The Rubinov subdifferential was introduced as the (usually nonconvex) visualization of the directed subdifferential, first for differences of convex (D.C.) and later for quasidifferentiable functions introduced by Demyanov/Rubinov. The directed subdifferential for both function classes is based on a certain arithmetic difference of the corresponding convex subdifferentials or quasisub-/quasisuperdifferential. Here, the convex sets are embedded in the Banach space of directed sets which allows an extension of the usual scalar multiplication and Minkowski sum of convex sets and offers a nonconvex visualization of differences of embedded convex sets.
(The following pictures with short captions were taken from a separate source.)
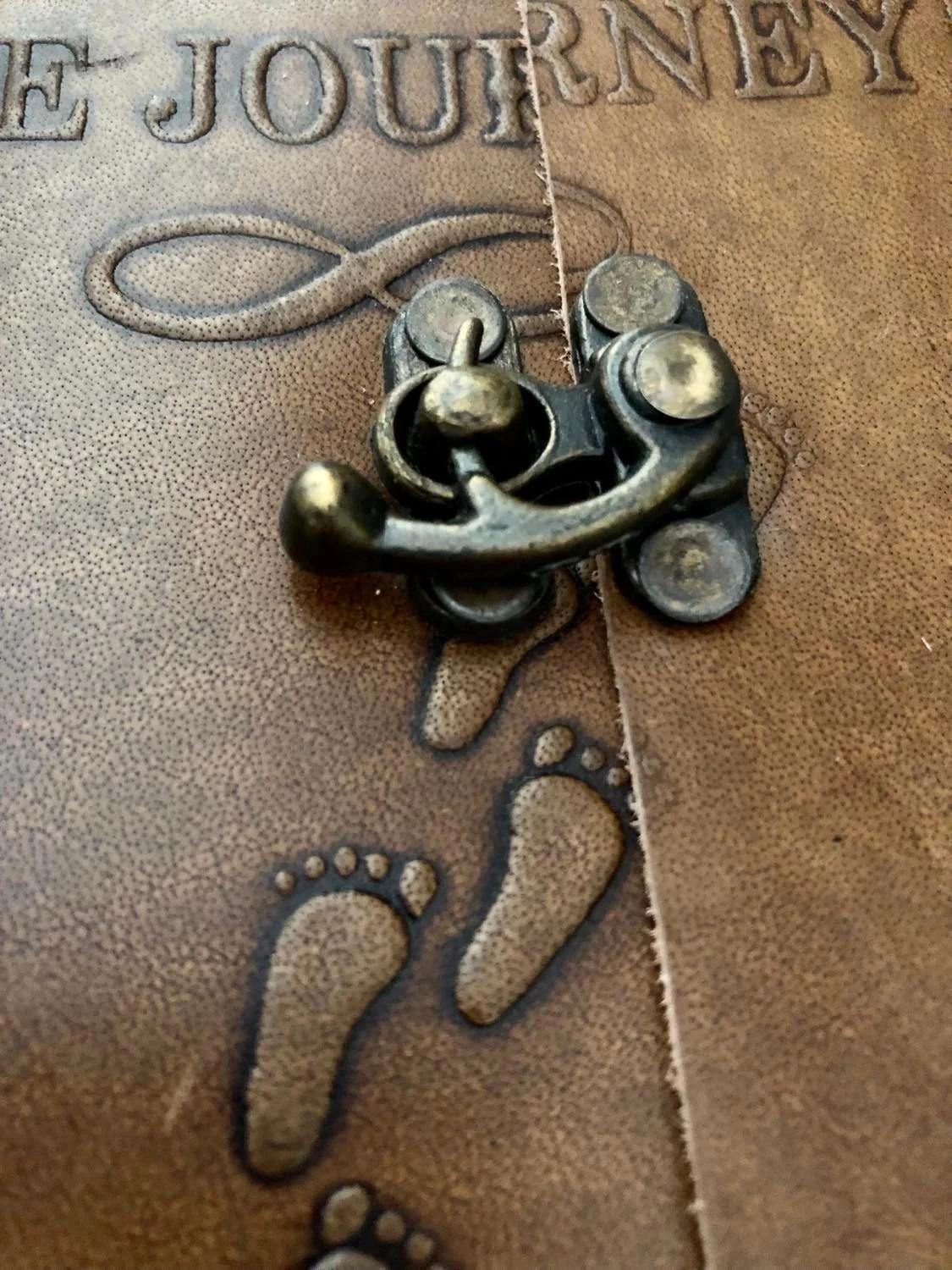 The Journey Embossed Leather Journal | Chronicle Your Path - Image 2
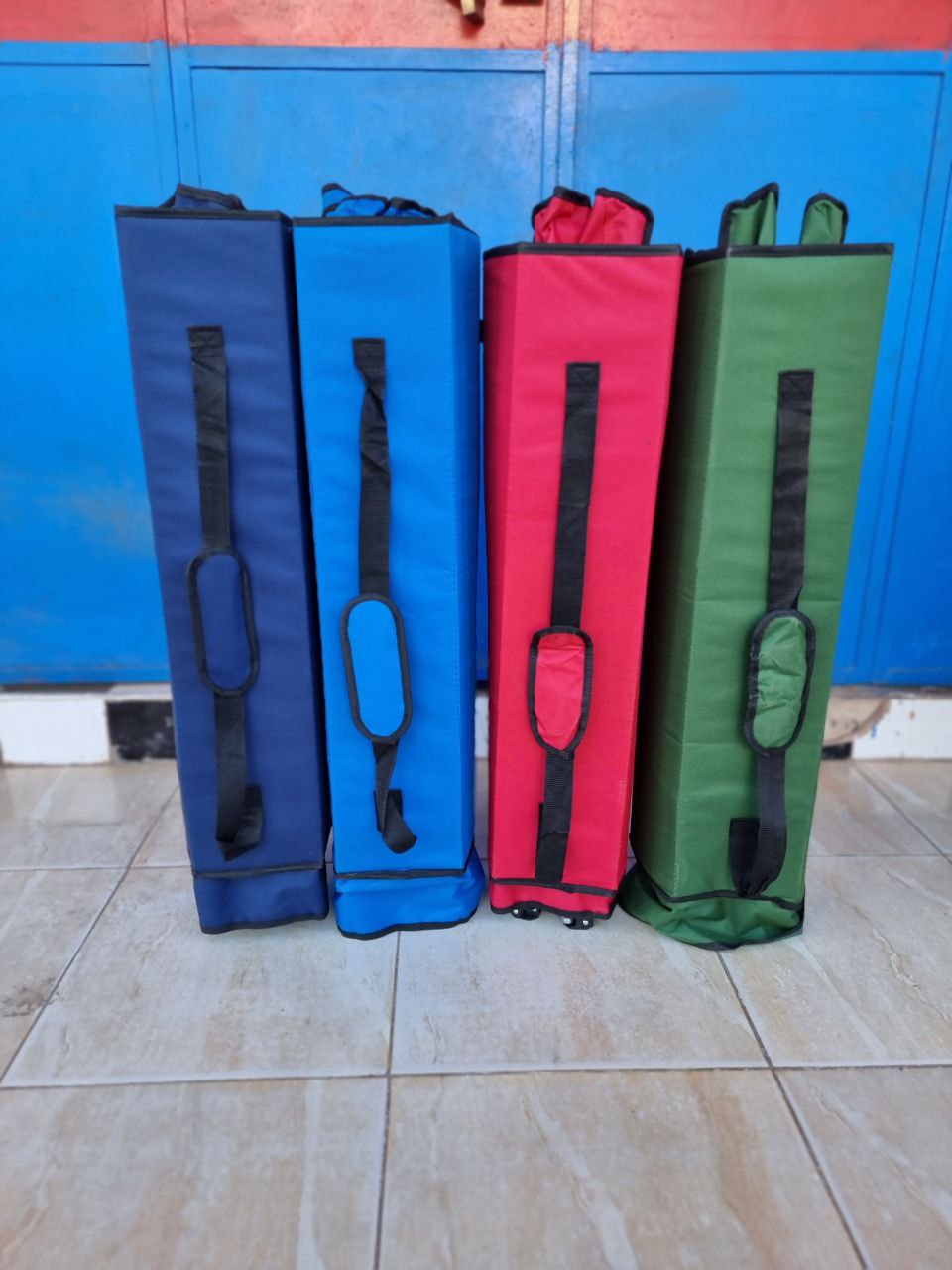 كرسي التخييم الفاخر بالمظلة الأوتوماتيكية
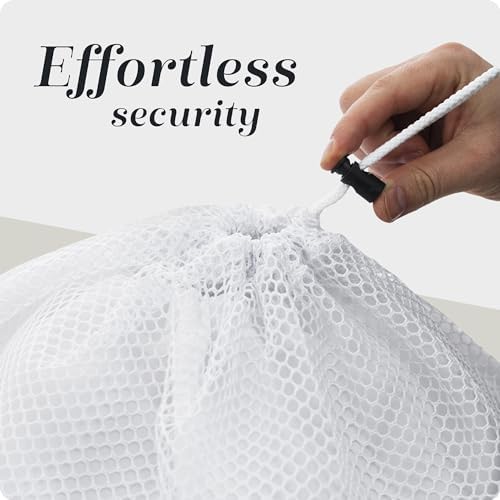 Handy Laundry Mesh XL Laundry Bag 24"x36", Heavy Duty Drawstring, White - Image 6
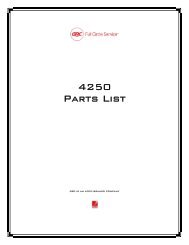 4250 Parts List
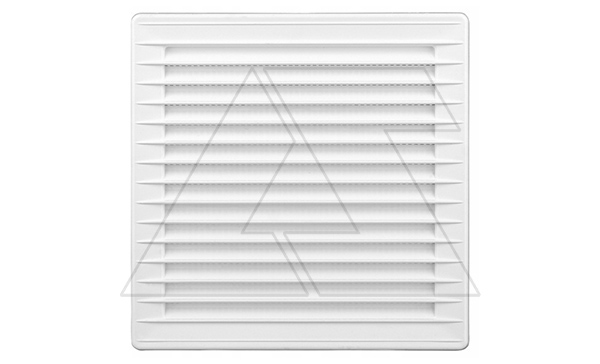 Решетка вентиляционная квадратная 172х172мм с регулировкой посадочного диаметра Ø80-150, пластик, белый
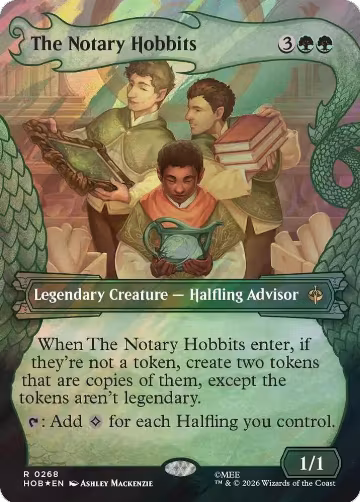 The Notary Hobbits (Showcase) (Surge Foil) (268), The Hobbit — Magic card price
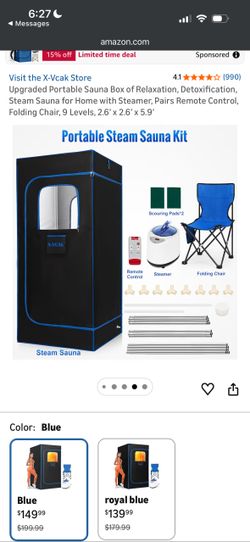 Portable Steam Sauna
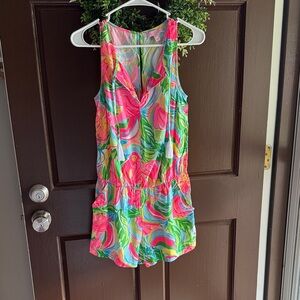Vibrant Lilly Pulitzer romper
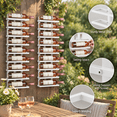 2-set 8 Tier Wall Mount Wine Rack (16 Tiers) Racks For Bottles Display ...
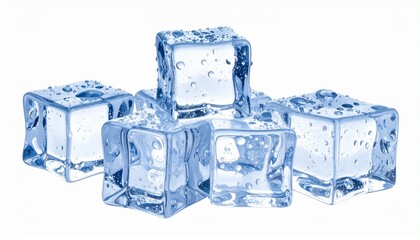 ice cubes isolated on white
Recently, the directed subdifferential is extended to the function class of directed subdifferentiable functions for which the function and certain restrictions to recursively defined orthogonal hyperplanes are uniformly directionally differentiable. This function class contains quasidifferentiable, amenable, lower-$C^k$ and locally Lipschitz, definable functions on o-minimal structures. For a special subclass of D.C. functions in $R^2$ the Rubinov subdifferential coincides with the basic subdifferential of Mordukhovich offering thus a geometric calculation of the latter.
The directed subdifferential enjoys as good calculus rules as the quasidifferential, e.g., exact formulas for the sum or the maximum of functions. Due to properties of the visualization of directed sets, the Rubinov subdifferential contains further information on the subdifferentials of Dini, Michel-Penot, Clarke and Mordukhovich.
For simple examples with nonconvex visualizations, comparisons of this subdifferential with other known convex/nonconvex subdifferentials are shown in the context of necessary and sufficient optimality conditions of unconstrained optimization problems.